Ruston Academy
- Type: Private
- Active: 1920–1961
- Director: Hiram Hall Ruston James Baker
- Students: 750
- Location: Havana, Cuba
- Language: English, Spanish
- Website: www.rustonacademy.net

= Ruston Academy =

The Ruston Academy was a bilingual American school founded in Havana, Cuba, in 1920.

==History==
Rushton Academy opened in September 1920 in Havana by retired English teacher Hiram Hall Ruston and his sister Martha Ruston, of Princeton, Indiana.

Originally focused on providing an English college-preparatory education for the children of American expatriates in Cuba, it quickly grew into a bilingual academy with a multinational student body. In the 1940s, Ruston expanded to include an elementary school, business preparatory program, basic English classes for Cuban students, and a boarding school, with enrollment reaching at roughly 750 students. In 1955, Ruston moved to a new, larger campus in Havana.

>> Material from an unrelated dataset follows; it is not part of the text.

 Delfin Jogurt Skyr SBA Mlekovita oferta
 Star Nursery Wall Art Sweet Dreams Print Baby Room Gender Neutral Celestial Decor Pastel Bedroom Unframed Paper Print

Mr. Ruston served as headmaster from 1920 to his death in 1946, after which James Baker took over the school's administration. James and his wife Sibyl inherited ownership of the school and converted it into an educational non-profit foundation. Ruston Academy was closed down by the Castro government in 1961. Its former location was used as a public school, storage facility, homeless shelter, and military intelligence facility by the Cuban government.

The Ruston-Baker Educational Institution (RBEI) was founded in 1992 by James Baker and former members of the Ruston Academy Board of Directors, with the goal of reopening Ruston Academy following the collapse of the Castro government. The RBEI maintains a network of alumni located across the globe. Sibyl Baker died in 1993 and James Baker died in 2001.